Data Quality, Validation, and Real-World Gap.

Ensuring the quality and reliability of datasets is paramount for the trustworthiness of research findings. Design datasets may suffer from inconsistencies, errors, or biases that can undermine the validity of data-driven models. Robust data validation and cleaning processes are essential to guarantee the accuracy and consistency of datasets. Furthermore, computational simulations, such as digital twins used in engineering design and product development, play a critical role in decision-making through extensive what-if analyses and optimizations. As the fidelity and computational power of these models increase, it is crucial to maintain rigorous verification of their parameters to ensure they accurately represent real-world conditions. Common errors in simulation data that need attention include unrealistic boundary conditions, numerical inaccuracies, oversimplified assumptions in physical modeling, and errors in data integration [14]. These errors can lead to significant discrepancies between simulated outcomes and actual performance, potentially leading to flawed conclusions in downstream applications of machine learning. This underscores the need for a comprehensive approach that includes not only data collection and curation but also detailed validation against empirical data to ensure simulations provide reliable and actionable insights.

Bias.

The avoidance of negative effects of biased data on statistics and machine learning is a typical challenge in the generation of datasets. For example, collecting design and performance data from computationally costly optimization runs usually reflects only that small corridor of the design and search space leading to an optimal design. Hence, downstream machine-learning models may provide a high accuracy in this space but lack generalization. Also, regional influences like datasets collected in the global north can lead to inherent inequities in trained models. When collecting data it is important to apply a reasonable design sampling strategy and design of experiments to balance between a fair distribution and the number of generated data samples. Data quality checks and outlier detection need to be applied to prevent biased results as best as possible.

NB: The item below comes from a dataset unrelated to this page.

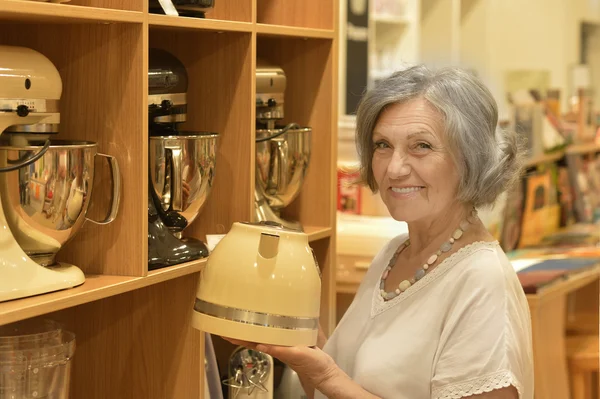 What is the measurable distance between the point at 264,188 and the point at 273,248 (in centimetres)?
53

Ethical Considerations, Data Confidentiality, and Privacy.

Datasets may contain sensitive information about individuals, companies, or intellectual property. Researchers must address ethical considerations related to data privacy, ensuring that datasets are collected, stored, and shared responsibly. Understanding legal and ethical frameworks surrounding data ownership, confidentiality, and usage is essential for ethical and responsible research practices. For instance, in Ref. [9], the authors obtained informed consent from all participants and ensured that the dataset was anonymized after collection and before publication. Furthermore, industrial data can rarely be disclosed due to confidentiality concerns particularly important in engineering. Developing methods to share data without disclosing private information is essential to tap into the knowledge owned by engineering companies. Synthetic data transformation and federated learning methods could play an important role in that context.

As we move from identifying challenges to proposing recommendations, it becomes apparent that addressing these barriers requires strategic action, not just technical solutions. The forthcoming recommendations, based on our discussions, aim to address many of these issues to foster the development of better, more effective datasets in engineering design research.

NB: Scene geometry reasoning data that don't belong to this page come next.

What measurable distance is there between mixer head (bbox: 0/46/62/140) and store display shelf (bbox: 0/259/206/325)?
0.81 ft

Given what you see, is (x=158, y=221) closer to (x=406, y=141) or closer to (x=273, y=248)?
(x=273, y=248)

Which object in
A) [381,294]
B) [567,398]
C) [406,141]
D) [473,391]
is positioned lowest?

3 Recommendations for Design Datasets

Looking ahead, we would like to highlight important themes to continue pushing data-driven methods and datasets.

Emphasize Domain Relevance and Specificity.

Datasets should be tailored to the specific needs of the design research community, focusing on data directly relevant to tasks and challenges encountered in real-world design scenarios. Two papers that highlight this concept are DeepJEB [12] and the linkage mechanisms dataset [11]. Both of these papers discuss the importance of generating data for a specific domain, such as jet engine brackets or planar linkage mechanisms, and demonstrate how these datasets can be used to solve problems using deep learning techniques. Since data generation is usually a costly process, it is recommended to explore steps to record, calculate, and store additional data features that may be useful for future use cases.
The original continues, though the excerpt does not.